| Blue3 said: apperantly you think you are a electronics expert. Any proof sony cant afford a price cut, NO. Just your opinion. Like i said before 65 nano chips, no emotion engine and Br diods that went form +$100 to below $10. Its obvios you have no clue how much it will save in hardware costs. 70% of USA market, +90% of Japan, +80% Europe, yahh not a big lead. Br is out pacing dvd, the first Br movie to hit 100k did in it half the time it a dvd to hit 100k. what we do know is you are posting nothing but fud. |
Well, reasonably intelligent speculation suggests that Sony could not afford a major price cut on the PS3 for quite a while.
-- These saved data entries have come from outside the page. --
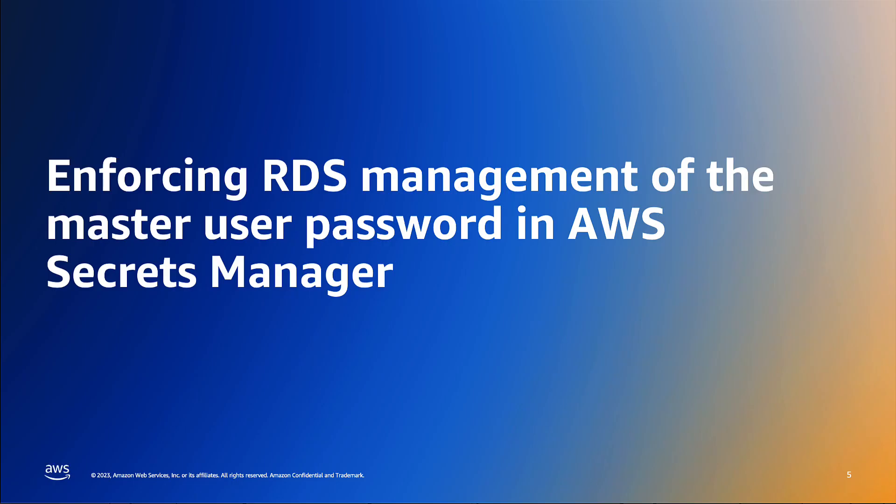Next, let's take a look at how you can prevent certain principals from creating an RDS database when they use a manually entered password.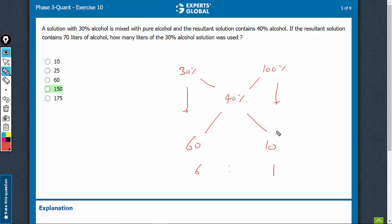For 1 litre of pure alcohol, 6 litres of 30% alcohol solution was used. It is given that the resultant solution has 70 litres of alcohol.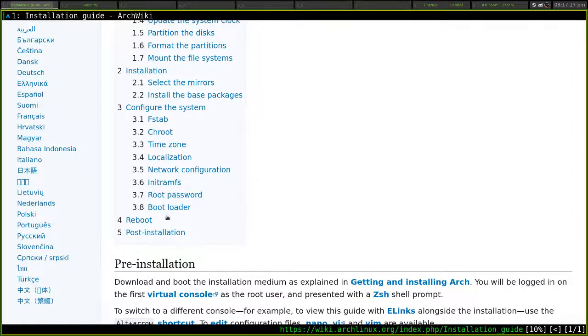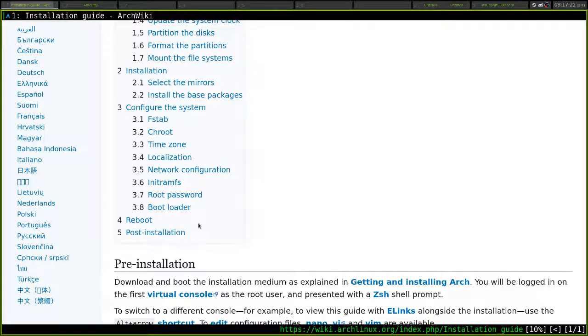At the very bottom there's a link called post install, which will lead you to setting up your system the way that you want to use it. Thank you.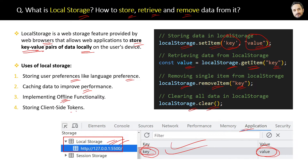It is also used for storing client-side tokens. In about 80% of cases we use local storage as the preferred type of web storage. Only in very few cases do we use session storage.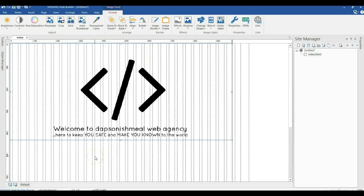Hello guys, let's talk about how to use responsive Google web fonts in a WYSIWYG Web Builder project. So talking about responsive Google web fonts and WYSIWYG Web Builder.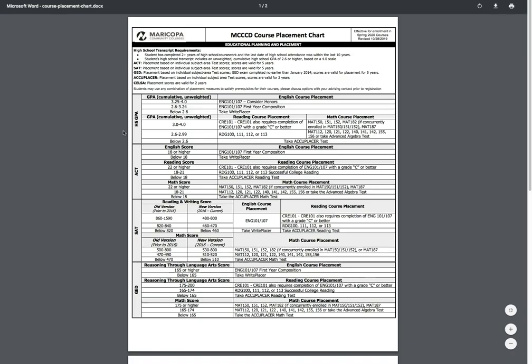The chart will open in a new tab. The PDF you have now opened allows you to compare your test scores to the required scores for class placement. Once you have determined your placement, you may register for classes as needed.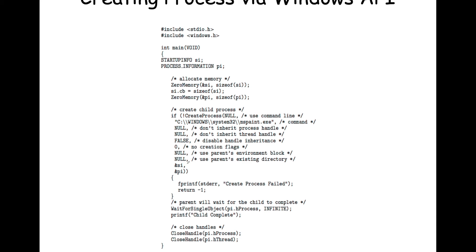In Windows the API is similar but different. Instead of fork(), Windows uses CreateProcess(), and one of the parameters is the command line of the program to call — explicitly combining both the forking and loading steps. The parent then calls WaitForSingleObject to wait for the child, and then proceeds to print child complete once it gets the exit status.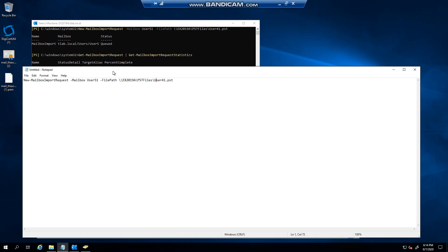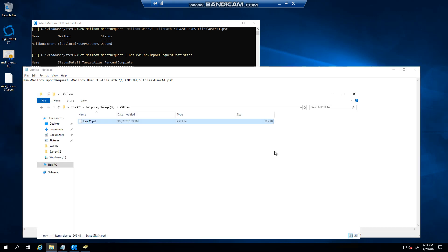Just remember, importing a mailbox will obviously increase the size of the current user's mailbox. In this example the PST file is only 265 kilobytes, but I've seen massive PST files. If the user has a 100 gig mailbox and you're bringing in a 2, 5, 10, or 20 gig PST file — and obviously the bigger they are they're not really supported because there is potential data loss — you're going to grow that user's mailbox. So just be aware that you might need to adjust the quotas so that they don't hit the send/receive limit, depending on whatever quota is set in your organization.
We really don't know what Sony was spending to produce a PS3 but analysts estimated that it would you(approximately) $200 more to produce the PS3 (without controllers, packaging, and other associated materials) than Sony was selling it for at launch; these estimates would include volume discounts and what not.
No matter how you look at it Sony would have a great deal of difficulty reducing the cost to manufacture the PS3 to a level where they could justify a $200 or $300 price reduction this year; likely this will have to wait until Sony switches to a 45nm process and does an internal redesign of the PS3 (2009 at the earliest).
Sony launced the PS3 in Q4 of 2006 because it was the latest they could hold it off to (without giving up too much ground to the XBox 360) and they probably set the price at $600 because they could afford to sell the system at that price after the 65nm process was used and their received the benefit from mass producing Blu-Ray diodes.